We approached the selection of the most significant features by examining LightGBM’s feature importance attribute. Training a LightGBM model involves the creation of many simple decision trees by incrementally splitting the branches of each according to a feature condition that provides the greatest information gain. The number of splits or the cumulative information gain is tracked for each feature, producing the feature importances.

After some experimentation, we have decided on the final selection of features and conducted our training with the same 10 Sentinel-2 spectral bands that s2cloudless uses, as alluded to by the graph below:

Feature importances based on the number of splits for each selected feature.

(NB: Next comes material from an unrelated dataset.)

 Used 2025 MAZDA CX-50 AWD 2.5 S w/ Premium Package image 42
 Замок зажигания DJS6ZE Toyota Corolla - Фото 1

Basing the importances on information gain would put too much emphasis on the initial split(s), creating an unbalanced and unreadable graph, but can be meaningful in its own right (for example, it implied that the maximum difference in the B01 spectral band is the best single rule of thumb you can make for detecting a cloud).

The shown feature importances lead us to the following observations:

  • Visible peaks occur periodically at higher and lower wavelengths, which appear to be the most descriptive in the case of clouds.
  • Among the most important features are window reflectance averages, which should carry the same information as pixel reflectance values, only without the noise.
  • We expected the standard deviation of structural similarity indices to be highly variable and therefore a poor descriptor in separating classes. In contrast to our intuition, it turned out moderately prominent.


To properly asses the performance of an algorithm, one needs to be confident that the data, which is to be used for validation, is labeled correctly. In this case, quality takes precedence over quantity, which points to manually labeled data, however scarce.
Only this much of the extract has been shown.